# Just wanted to share something.



## WalnutGroveFarm (Sep 27, 2008)

I have shared this on facebook, but I loved it so much I wanted to share it with all my goat friends. My husband built me a new gate for the farm, he put my herd name intials on it. I love this gate so much.


----------



## Trickyroo (Sep 26, 2012)

Now that's a handsome looking gate !! I love the shape of it and your farm name initials in the middle is really nice !! And what makes it even more special ,it was made by your hubby 
Its gorgeous , enjoy it


----------



## ThreeHavens (Oct 20, 2011)

How great! I'd love something like that.


----------



## clearwtrbeach (May 10, 2012)

That is great, love it. Big kuddos to the hubby


----------



## LJH (Aug 27, 2012)

That's outstanding! Your husband has _serious_ skills and your Lab is a cutie too. :thumbup:


----------



## Trickyroo (Sep 26, 2012)

Oh yeah , I missed the Lab ! 
Nice looking guy/gal


----------



## sweetgoats (Oct 18, 2007)

He is sure a keeper, that is beautiful


----------



## Dayna (Aug 16, 2012)

Wow that is amazing! Lucky girl!


----------



## DDFN (Jul 31, 2011)

Wow I have no idea how he made that, but it looks amazing!!! Now if I could only get my hubby to do something like that. . . . Very nice touch with the farm letters!


----------



## WalnutGroveFarm (Sep 27, 2008)

Thanks everyone my husband does does have mad skills, you know he took an old trampoline apart that we had setting around that was falling apart and thats how he made the gate.
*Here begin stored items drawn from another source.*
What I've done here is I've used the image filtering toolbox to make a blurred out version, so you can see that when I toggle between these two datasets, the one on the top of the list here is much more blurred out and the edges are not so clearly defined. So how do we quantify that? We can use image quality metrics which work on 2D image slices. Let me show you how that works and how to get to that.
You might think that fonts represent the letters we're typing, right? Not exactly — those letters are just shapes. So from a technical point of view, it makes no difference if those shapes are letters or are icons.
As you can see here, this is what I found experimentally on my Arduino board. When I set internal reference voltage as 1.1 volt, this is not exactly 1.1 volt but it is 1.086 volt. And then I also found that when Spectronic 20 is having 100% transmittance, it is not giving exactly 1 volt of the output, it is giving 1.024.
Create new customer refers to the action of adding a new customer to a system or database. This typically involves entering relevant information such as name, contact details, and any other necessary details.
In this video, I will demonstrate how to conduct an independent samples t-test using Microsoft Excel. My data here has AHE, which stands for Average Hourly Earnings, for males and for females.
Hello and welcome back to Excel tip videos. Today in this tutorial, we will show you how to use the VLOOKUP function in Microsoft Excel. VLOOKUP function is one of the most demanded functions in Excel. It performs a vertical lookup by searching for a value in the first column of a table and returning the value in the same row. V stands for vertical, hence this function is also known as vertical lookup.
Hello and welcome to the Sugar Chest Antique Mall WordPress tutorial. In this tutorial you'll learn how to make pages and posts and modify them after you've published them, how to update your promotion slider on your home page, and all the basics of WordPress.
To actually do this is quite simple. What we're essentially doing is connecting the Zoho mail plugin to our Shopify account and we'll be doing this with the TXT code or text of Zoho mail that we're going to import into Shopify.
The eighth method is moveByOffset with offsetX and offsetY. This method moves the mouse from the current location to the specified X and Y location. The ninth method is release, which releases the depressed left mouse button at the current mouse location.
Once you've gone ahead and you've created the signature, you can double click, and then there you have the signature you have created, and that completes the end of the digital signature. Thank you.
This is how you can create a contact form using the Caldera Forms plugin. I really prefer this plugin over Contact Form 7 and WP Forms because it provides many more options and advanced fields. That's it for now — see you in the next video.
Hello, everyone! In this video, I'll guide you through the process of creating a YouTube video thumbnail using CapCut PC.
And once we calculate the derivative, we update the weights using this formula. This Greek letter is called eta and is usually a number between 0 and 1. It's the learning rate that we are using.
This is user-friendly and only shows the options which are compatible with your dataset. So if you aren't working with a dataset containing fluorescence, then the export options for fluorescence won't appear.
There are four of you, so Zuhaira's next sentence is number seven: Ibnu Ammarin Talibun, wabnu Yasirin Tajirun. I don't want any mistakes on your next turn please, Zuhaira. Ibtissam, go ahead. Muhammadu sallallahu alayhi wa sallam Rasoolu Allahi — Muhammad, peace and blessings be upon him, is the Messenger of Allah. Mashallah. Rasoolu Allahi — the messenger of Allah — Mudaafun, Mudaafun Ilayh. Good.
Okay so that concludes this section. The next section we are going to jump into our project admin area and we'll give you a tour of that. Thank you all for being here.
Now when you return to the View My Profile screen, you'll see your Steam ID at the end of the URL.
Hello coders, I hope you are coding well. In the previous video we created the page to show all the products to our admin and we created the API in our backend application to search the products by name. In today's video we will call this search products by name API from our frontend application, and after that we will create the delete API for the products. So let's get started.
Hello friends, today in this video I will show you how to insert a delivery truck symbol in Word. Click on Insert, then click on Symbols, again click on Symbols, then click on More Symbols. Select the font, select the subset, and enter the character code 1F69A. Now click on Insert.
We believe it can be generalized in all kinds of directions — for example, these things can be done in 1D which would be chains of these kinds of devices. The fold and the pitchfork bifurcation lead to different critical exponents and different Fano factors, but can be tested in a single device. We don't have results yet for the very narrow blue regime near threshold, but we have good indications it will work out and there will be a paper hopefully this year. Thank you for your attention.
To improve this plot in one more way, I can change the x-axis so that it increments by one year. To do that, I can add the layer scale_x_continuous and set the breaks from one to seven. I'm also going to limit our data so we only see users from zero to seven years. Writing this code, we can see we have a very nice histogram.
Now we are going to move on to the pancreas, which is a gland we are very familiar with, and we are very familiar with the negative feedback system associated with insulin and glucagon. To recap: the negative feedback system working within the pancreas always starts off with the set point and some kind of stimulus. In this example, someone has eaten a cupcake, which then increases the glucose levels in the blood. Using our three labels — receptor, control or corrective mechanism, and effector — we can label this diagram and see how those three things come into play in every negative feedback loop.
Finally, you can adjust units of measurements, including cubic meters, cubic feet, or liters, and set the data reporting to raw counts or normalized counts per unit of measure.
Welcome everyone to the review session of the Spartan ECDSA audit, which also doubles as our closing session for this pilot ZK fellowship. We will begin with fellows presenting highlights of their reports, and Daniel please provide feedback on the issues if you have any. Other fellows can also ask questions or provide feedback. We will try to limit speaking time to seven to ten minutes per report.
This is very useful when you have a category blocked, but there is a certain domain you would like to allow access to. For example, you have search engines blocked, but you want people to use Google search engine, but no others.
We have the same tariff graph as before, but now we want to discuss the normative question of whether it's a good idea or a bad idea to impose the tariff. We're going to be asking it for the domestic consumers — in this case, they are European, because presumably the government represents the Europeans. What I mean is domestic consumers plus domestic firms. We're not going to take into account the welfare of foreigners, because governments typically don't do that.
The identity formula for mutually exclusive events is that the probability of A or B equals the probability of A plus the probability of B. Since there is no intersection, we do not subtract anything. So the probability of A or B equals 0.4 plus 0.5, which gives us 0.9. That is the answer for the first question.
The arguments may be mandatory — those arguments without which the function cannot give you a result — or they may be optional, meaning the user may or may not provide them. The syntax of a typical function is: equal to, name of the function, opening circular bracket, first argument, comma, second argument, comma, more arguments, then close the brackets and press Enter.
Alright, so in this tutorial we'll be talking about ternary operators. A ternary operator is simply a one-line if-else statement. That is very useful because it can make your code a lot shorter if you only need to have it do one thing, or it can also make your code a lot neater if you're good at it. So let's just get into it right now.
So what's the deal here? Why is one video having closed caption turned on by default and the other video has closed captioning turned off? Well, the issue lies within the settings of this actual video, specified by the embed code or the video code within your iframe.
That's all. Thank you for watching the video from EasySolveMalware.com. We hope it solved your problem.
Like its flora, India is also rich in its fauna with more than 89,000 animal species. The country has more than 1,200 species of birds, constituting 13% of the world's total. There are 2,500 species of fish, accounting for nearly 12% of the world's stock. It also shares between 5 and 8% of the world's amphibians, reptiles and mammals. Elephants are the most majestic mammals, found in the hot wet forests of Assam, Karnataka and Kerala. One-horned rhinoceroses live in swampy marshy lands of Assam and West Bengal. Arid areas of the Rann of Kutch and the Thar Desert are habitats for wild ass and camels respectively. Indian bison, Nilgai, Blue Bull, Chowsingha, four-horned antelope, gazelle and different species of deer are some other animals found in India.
Not sure how he made the letters but he did such an awesome job. I was thrilled. The dog is Barney and he is a gorgeous lab. I also have a female lab just wasnt in the pic that day. Here is a pic of both of them.


----------



## Bambi (Jun 10, 2012)

Nice gate! Beautiful dogs.


----------



## Arkie (Sep 25, 2012)

I build projects like that quite often. But I have a complete muffler shop pipe bender to assist! One HeII of a home project!!

Bob


----------



## ksalvagno (Oct 6, 2009)

Nice job on the gate! :thumbup:


----------



## chapinranch (Apr 30, 2012)

What a great gate . Neat how he put the farm intials in it  

www.chapinranch.com


----------



## Paige (Oct 14, 2010)

Very nice gate! And a stunning pair of dogs!


----------



## pitchik (Dec 2, 2011)

Great! Love it!


----------



## WalnutGroveFarm (Sep 27, 2008)

Thanks everyone my mom seen it for the first time the other day when she dropped my youngest son off. She said we was getting fancy lol. But Im so happy with it and he done such a great job on it. Thanks about the dogs to, I thought I was going to loose my old girl last week she had turned 8 a couple weeks ago and it seemed like she started going down hill. Quit eating for almost a week. She was going down fast, but I put in some prayers to the one who can fix it all and that is exactly what he did. She is eating again and acting like her old self. She was like a big puppy again today getting her stick wanting to play.


----------